Nous reproduisons ci-dessous des extraits d’un article du journaliste espagnol concernant la série télévisée tunisienne Fallujah, réalisée par Saoussen Jemli pour El-Hiwar Ettounsi, et qui réalise les meilleurs taux d’audience pendant les soirées de Ramadan et provoque des polémiques sociales et politiques en Tunisie.
Par Juan Carlos Sanz *
Entre drames, feuilletons télévisés et comédies, des productions télévisuelles des nuits du mois sacré musulman déclenchent d’intenses débats et des polémiques sociales
Après le coup de canon qui marque le coucher du soleil et devant un bol de harira ou de chorba, la copieuse soupe avec laquelle ils rompent habituellement leur jeûne, les Maghrébins se réunissent en famille devant la télévision pendant le Ramadan.
Le mois sacré musulman est aussi une saison pour les avant-premières : les chaînes de télévision font le reste avec des castings de stars et des productions qui coûtent les plus gros budgets de l’année.
Controverses et des polémiques
Les drames, les feuilletons, les comédies, les émissions d’humour, les séries d’action ou les concours de cuisine se déroulent aux heures de grande écoute, tôt le soir. Comme presque partout. Mais parmi les avant-premières du mois sacré du jeûne, qui réunit famille, amis et voisins autour de la table au coucher du soleil, il y a des séries qui explorent les limites (et les passions) de la société civile maghrébine au milieu des controverses et des polémiques.
Certains soulèvent des éruptions. Comme cela s’est produit en Tunisie avec la série Fallujah (du nom de la ville irakienne qui a résisté il y a deux décennies face à l’avancée des troupes américaines). «Bienvenue à Fallujah» est la légende avec laquelle une jeune enseignante est reçue avec un graffiti sur son véhicule par ses élèves dans un établissement public tunisien. Les pilules d’ecstasy circulent dans le lycée et les scènes de harcèlement et de bizutage sont courantes, ainsi que l’impolitesse envers les enseignants.
Programmée sur la grille d’une chaîne privée et enregistrée dans un lycée public, cette série est vue par le journal tunisien La Presse, l’un des plus diffusés dans le pays d’Afrique du Nord, comme «contraire aux valeurs familiales (…) dans le délicat équilibre entre liberté d’expression et normes sociales».

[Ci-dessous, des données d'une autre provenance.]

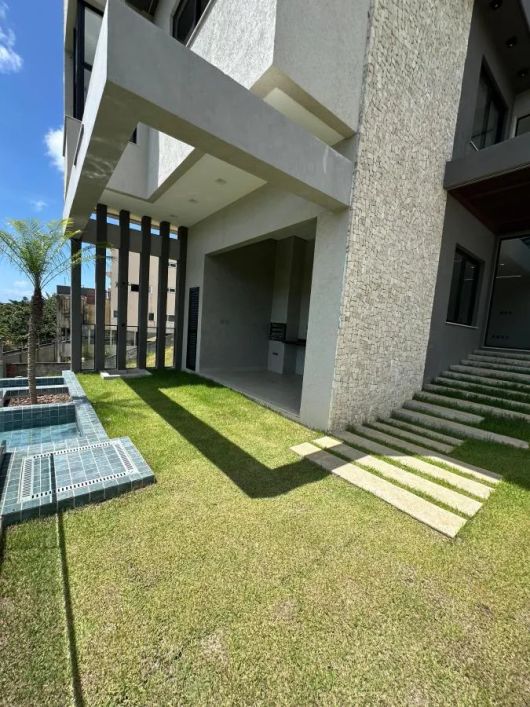 Casa em Condomínio para Venda em Camaçari, Alphaville (Abrantes), 3 dormitórios, 3 suítes, 4 banheir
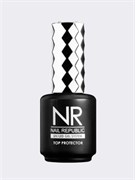 Nail Republic TOP PROTECTOR без UV фильтра 15 мл 4630352408665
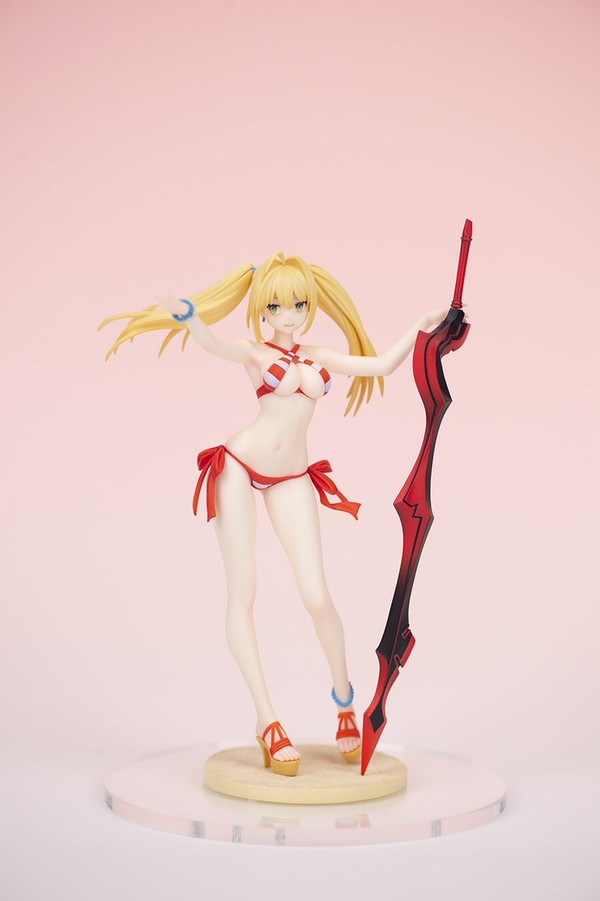 Nero Claudius, Fate/Grand Order, Cerberus Project, Garage Kit, 1/12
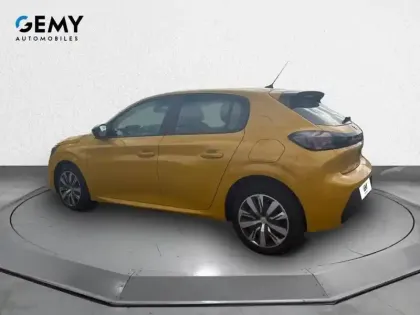 Photo 6 Peugeot 208  PureTech 75 S&S BVM5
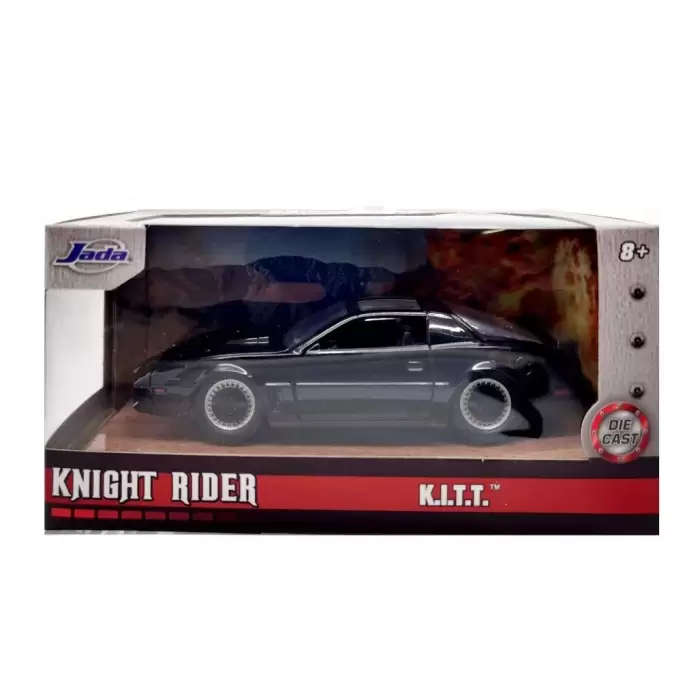 Jada Toys Knight Rider K.I.T.T. , 1/32 - 253252000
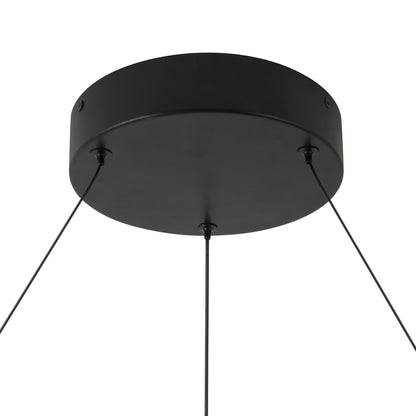 Bruni 32" Pendant - Black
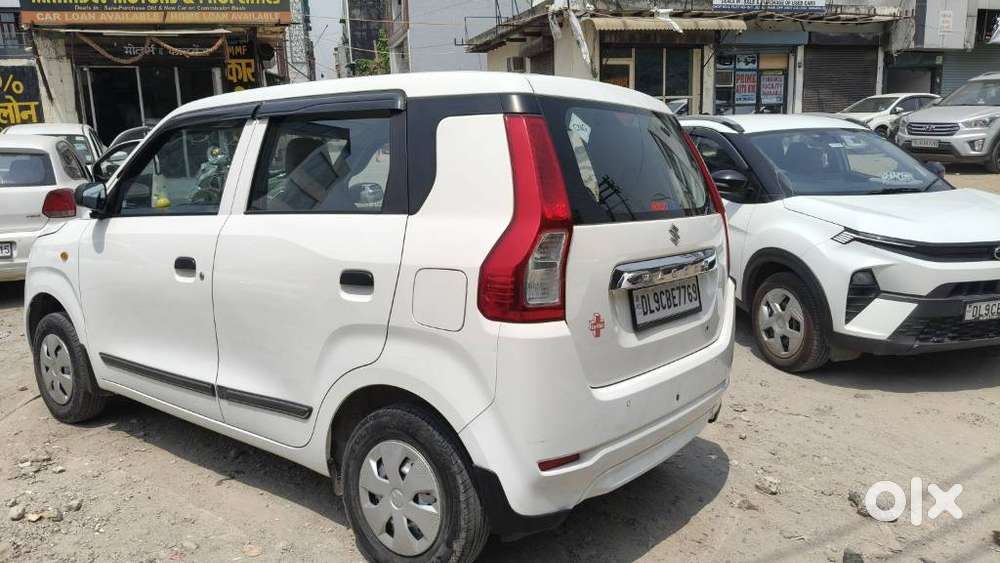 Maruti Suzuki Wagon R 1.0 Lxi Cng Limited Edition, 2024, Cng & Hybri..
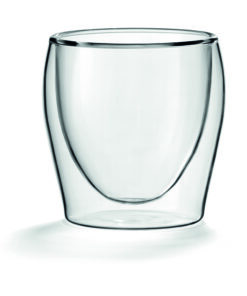 Alternative view of Scanpart Koffie Thermo Glazen 20cl 2 Stuks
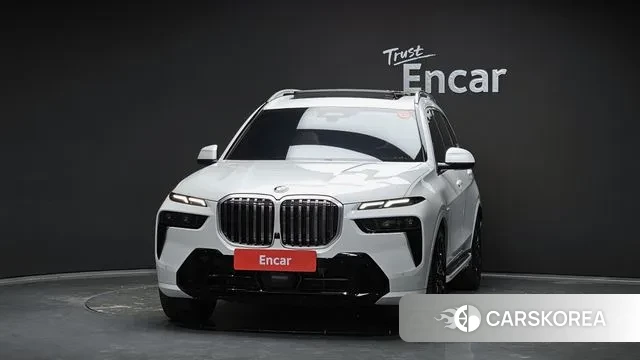 BMW X7 (G07) id 3353870 из Кореи 13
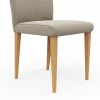 Stuhl Cosyra - Stoff, Beige – Bild 3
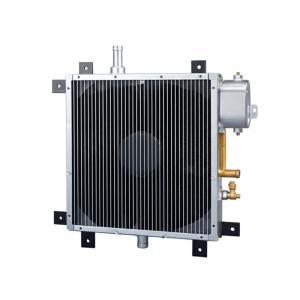 EexcavaStart XCMG GQT-200A-01 Excavator Evaporator Assembly 12V OEM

Le ministre de l’Éducation, Mohamed Ali Boughdiri a estimé que la série de «nuit à tous les éducateurs». «Nous allons adopter des mesures pour mettre un terme à cette mascarade», a-t-il souligné après avoir noté que le gouvernement au complet a suivi les premiers épisodes pour décider d’autoriser ou non la poursuite de sa diffusion. Le Conseil des ministres n’est pas seul à monter au créneau. La Fédération de l’enseignement secondaire (syndicat relevant de l’Union générale tunisienne du travail, UGTT, Ndlr) a estimé que la série porte gravement atteinte à l’image des enseignants. Et il y a, d’ailleurs, des avocats qui ont pris la décision d’ester en justice pour faire arrêter immédiatement la diffusion de la série pour «atteinte aux bonnes mœurs et diffusion d’obscénités». La Haute autorité indépendante de la communication audiovisuelle (Haica) préfère attendre la fin de la série Fallujah et se borne à souligner qu’il est encore trop tôt pour se prononcer sur la qualité du feuilleton télévisé.

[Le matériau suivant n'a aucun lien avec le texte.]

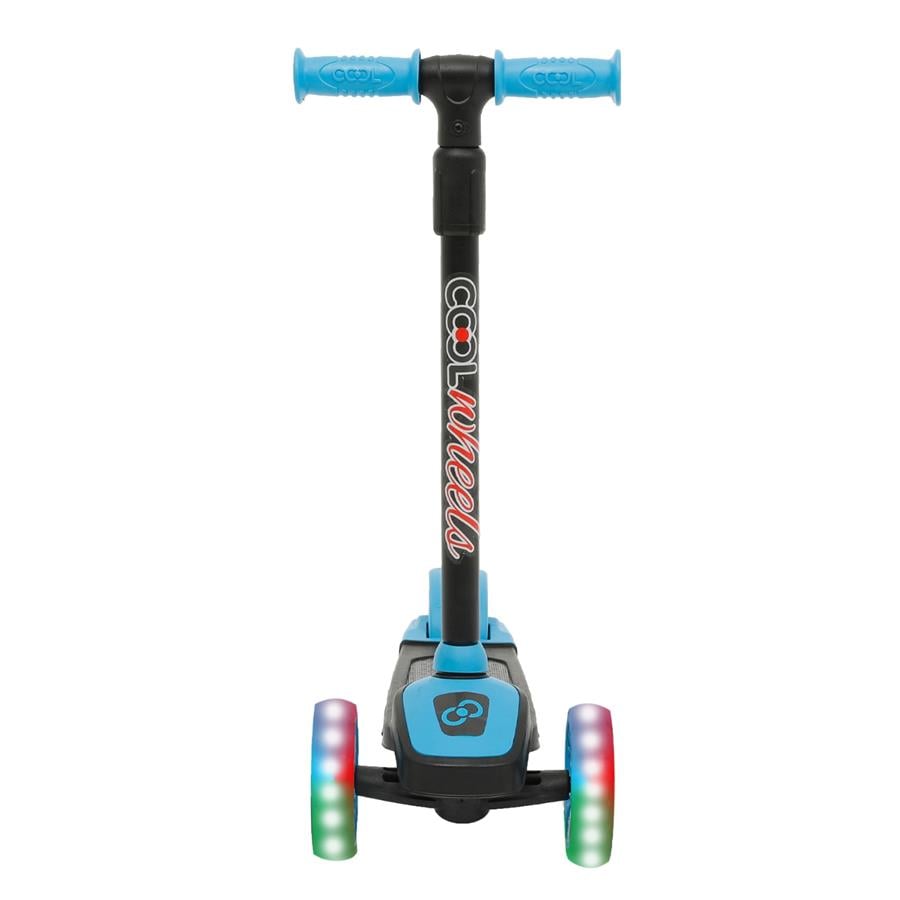 Twist 3+ Işıklı Scooter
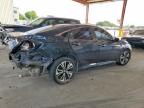 2018 Honda Civic Ex for Sale in Wilmer, TX - Rear End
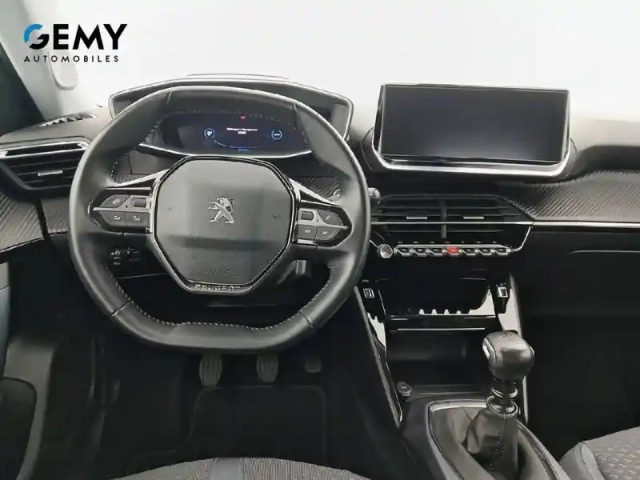 Peugeot 2008 puretech 100 s&amp;s bvm6 — photo 110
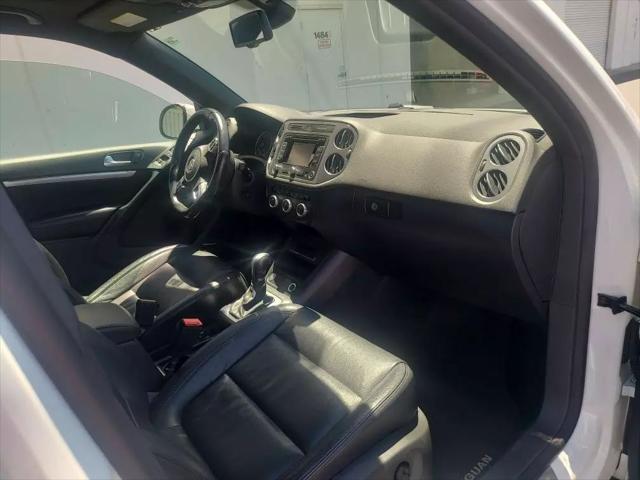 used 2015 Volkswagen Tiguan car, priced at $11,490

La liberté d’expression vacille
Les polémiques autour de la série ramadanesque reflètent la grande distance entre une société civile qui se reconnaît dans la réalité sociale montrée par les nouvelles productions télévisuelles et quelques instances de pouvoir ancrées dans des valeurs nationales conservatrices et religieuses. Alors que la liberté d’expression vacille au Maghreb, où «l’emprisonnement des journalistes est courant», selon Reporters sans frontières, les scénaristes parviennent à forcer le trait pendant le mois sacré du jeûne, pour réaliser les meilleures taux d’audience de l’année.
Traduit de l’espagnol.
Source : El Pais.
* Correspondant pour le Maghreb du journal espagnol El Pais.
** Le titre et les intertitres sont de la rédaction.